> Records shown
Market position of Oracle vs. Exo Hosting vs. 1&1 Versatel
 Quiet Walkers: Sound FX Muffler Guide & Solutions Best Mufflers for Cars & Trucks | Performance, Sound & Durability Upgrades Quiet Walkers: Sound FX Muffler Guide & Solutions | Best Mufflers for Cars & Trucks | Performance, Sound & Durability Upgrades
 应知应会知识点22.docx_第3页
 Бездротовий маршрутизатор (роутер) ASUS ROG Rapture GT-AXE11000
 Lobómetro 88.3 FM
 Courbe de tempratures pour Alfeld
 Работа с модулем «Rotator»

> Description of the task
Reproduce all of the entries verbatim.

> Task answer
Market position of Oracle vs. Exo Hosting vs. 1&1 Versatel
 Quiet Walkers: Sound FX Muffler Guide & Solutions Best Mufflers for Cars & Trucks | Performance, Sound & Durability Upgrades Quiet Walkers: Sound FX Muffler Guide & Solutions | Best Mufflers for Cars & Trucks | Performance, Sound & Durability Upgrades
 应知应会知识点22.docx_第3页
 Бездротовий маршрутизатор (роутер) ASUS ROG Rapture GT-AXE11000
 Lobómetro 88.3 FM
 Courbe de tempratures pour Alfeld
 Работа с модулем «Rotator»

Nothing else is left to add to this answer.